Work to be completed –
From the entries below, transcribe exactly the lines between the line holding "Indian 4-coil Magneto" and the line holding "RELEX UI screenshot", inclusive; skip all other lines.
++++ Input material
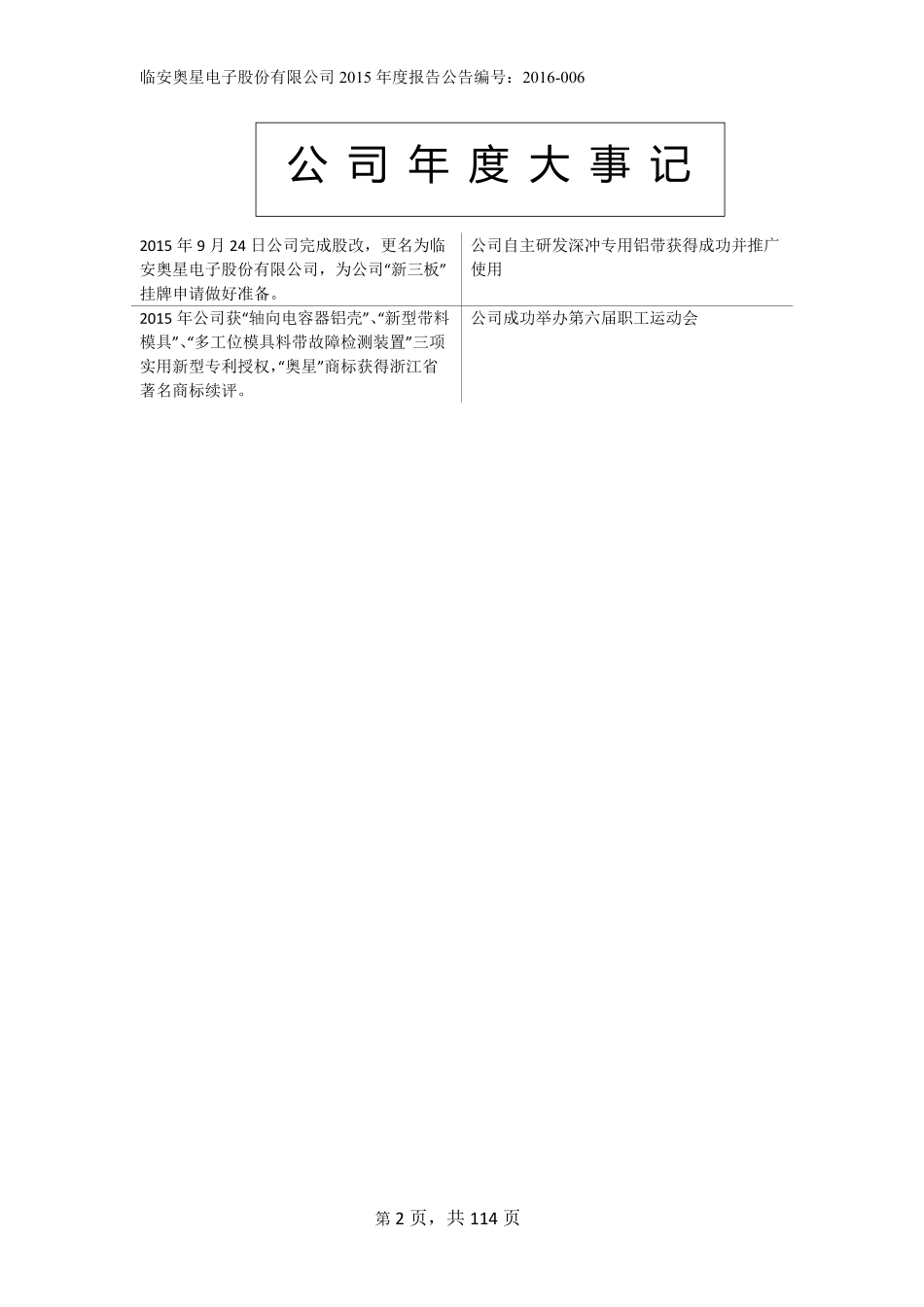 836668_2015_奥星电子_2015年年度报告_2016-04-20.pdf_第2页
++++++++
++++ Input material
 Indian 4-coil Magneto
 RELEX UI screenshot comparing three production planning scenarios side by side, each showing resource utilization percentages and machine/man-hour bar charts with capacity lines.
++++++++
Final answer –
 Indian 4-coil Magneto
 RELEX UI screenshot comparing three production planning scenarios side by side, each showing resource utilization percentages and machine/man-hour bar charts with capacity lines.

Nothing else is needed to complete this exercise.